With one hand on my door handle I smiled, and said lightly, "Well, that does sound bad. I hope that doesn't happen to me!"

"Oh, it will. It happens to everyone who chooses any but the one true way."

From across the top of my car I spoke to the Christian in the soft, supportive tone I'd use with a friend. "I understand that Christianity works for you, and I think that's outstanding. Your life must be so rich because of your faith. But must Christianity be the only way? Can't there be other good ways for people to know and experience what you call God? Does everyone who chooses any other way but Christianity have to be wrong?"

Even while saying it, I knew I was driving straight off a cliff.

"Hey, I don't make the rules," the guy answered. "You can fight against it all you want, but the fact is that Jesus Christ died on the cross for your sins. The cost of not accepting him as your savior is the eternal damnation of your soul."

Through the windshield I saw Catherine making her "I'm totally expressionless, yet wondering if I'm going to have to kill someone" face.

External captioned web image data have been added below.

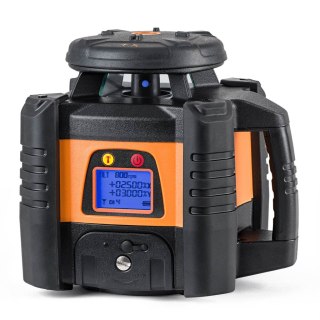 NIWELATOR LASEROWY AUTOMATYCZNY FL 155H-G FR-60MM
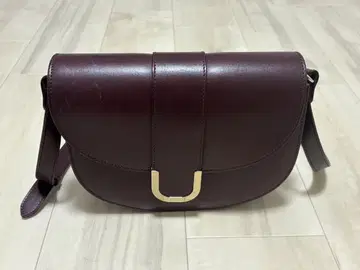 A.P.C 아페쎄 숄더백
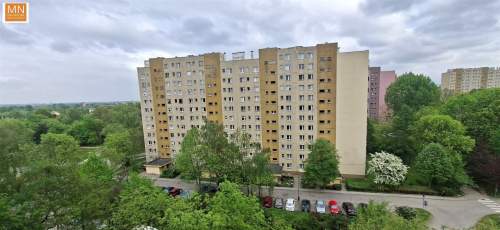 Lili Wenedy,ul.Bieżanowska,2 pokoje,BALKON,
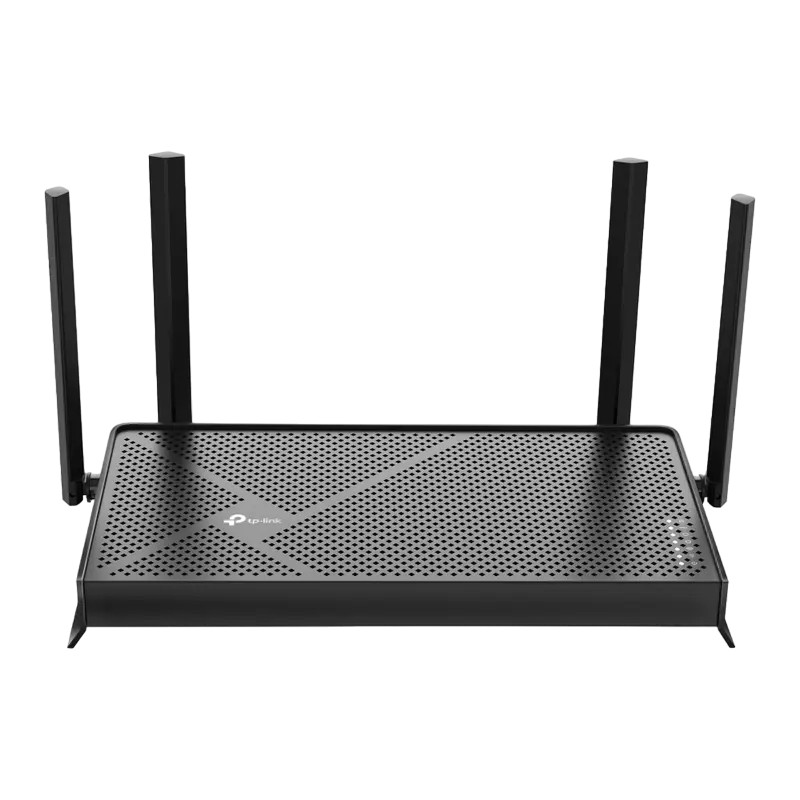 Router fără fir TP-LINK Archer BE230, Negru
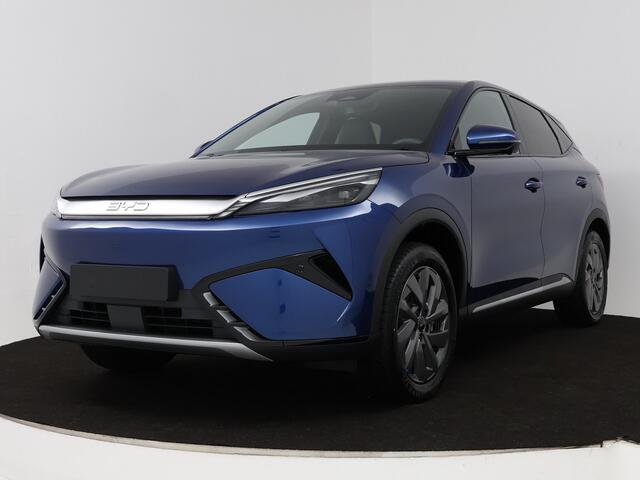 BYD Atto 3 EVO Design 74.8 kWh | Nieuw & Direct uit voorraad leverbaar |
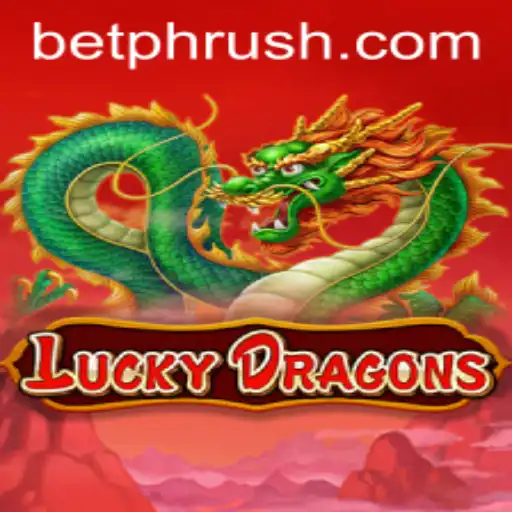 Discover the Thrills of LuckyDragons: An In-Depth Look at the Game and the PHRush Phenomenon
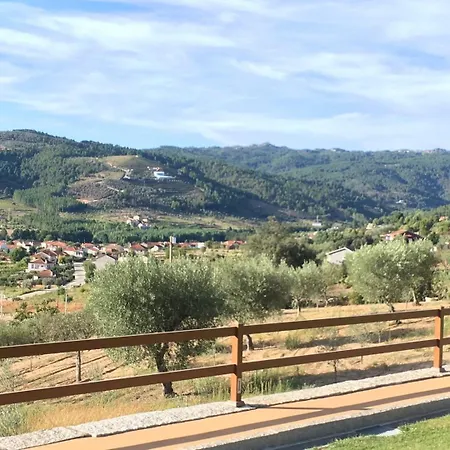 Quinta Da Penada - Vineyard & Winery - 3 * שאבס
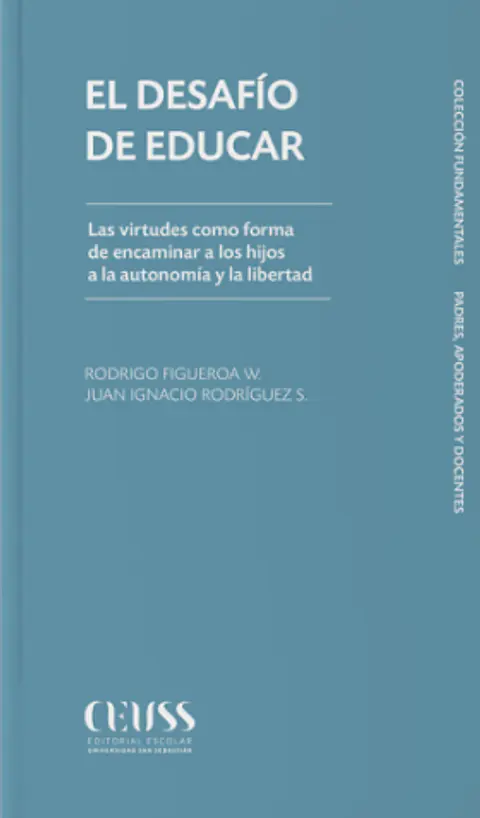 EL DESAFÍO DE EDUCAR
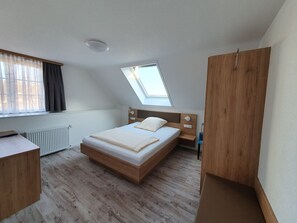 Einzelzimmer Komfort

I pulled open my car door. "Well, I guess I'll just have to hope that you're mistaken."

"Oh, I'm not, buddy. But you are. Both you and your wife are condemning yourselves in the eyes of the Lord by engaging in the sinful idolatry of Zen." He spat out the last word like it was something foul in his mouth.

Climbing into my car I executed a friendly little wave, and said, "All right; I'll bear that in mind. There aren't actually any idols in Zen, but I see what you're saying. Thanks for sharing it. Have a good day."

As I closed my door the guy moved around to the front of our car. "Stop what you're doing!" he called. "Let the Lord into your heart! You please the devil with your sinful ways!"

"Jesus," murmured Catherine.

"Or one of his ambassadors, anyway," I said, starting the car. "I wonder if I'm gonna have to run this guy over?"

"You're lost!" said the guy loudly. He demonstrated that he hadn't lost all touch with reality by stepping safely back onto the curb.

"Repent!" he said. "Accept the Lord! Turn your back on the devil! Rid yourself of your sin!"

With a resigned smile on my face, I gently waved to the guy as we pulled out into the street and drove away.

"Well," said Catherine, "that was pleasant."

"Can you imagine being God," I said, "and looking down, and seeing that? I wonder what Jesus thinks when he sees stuff like that?"

"‘Maybe I should become a Buddhist'" ? said The Funniest Woman Ever. "‘I need to get some new salespeople? People who aren't totally rude and intrusive? People who don't think the way to attract people to me is to scream insults at them?"

"Right," I said. "Either that, or he'd just go, "‘That's it. I give up. Time for the apocalypse.'"

That our Christian friend in the orange cap meant well isn't in question. Of course he only wanted what was best for Catherine and me. But he failed to interest us in Christianity because his evangelizing effort was grounded in what all such efforts are necessarily grounded in: A lack of respect on the part of the evangelizer. He didn't respect us, or our belief system.

By disrespecting us, the evangelizer proved to my wife and me that he did not love us, because love without respect is no love at all. And by not loving us, that brother was breaking what Jesus himself called the greatest law of all: To love your neighbor as you love yourself.

I'm a Christian, and proud of it. But unless I'm missing something so huge it'd be like a car parked in my living room, that Christian was violating Christ's most important and explict directive to all Christians. I'd like that not to be true, but I just can't see how it isn't.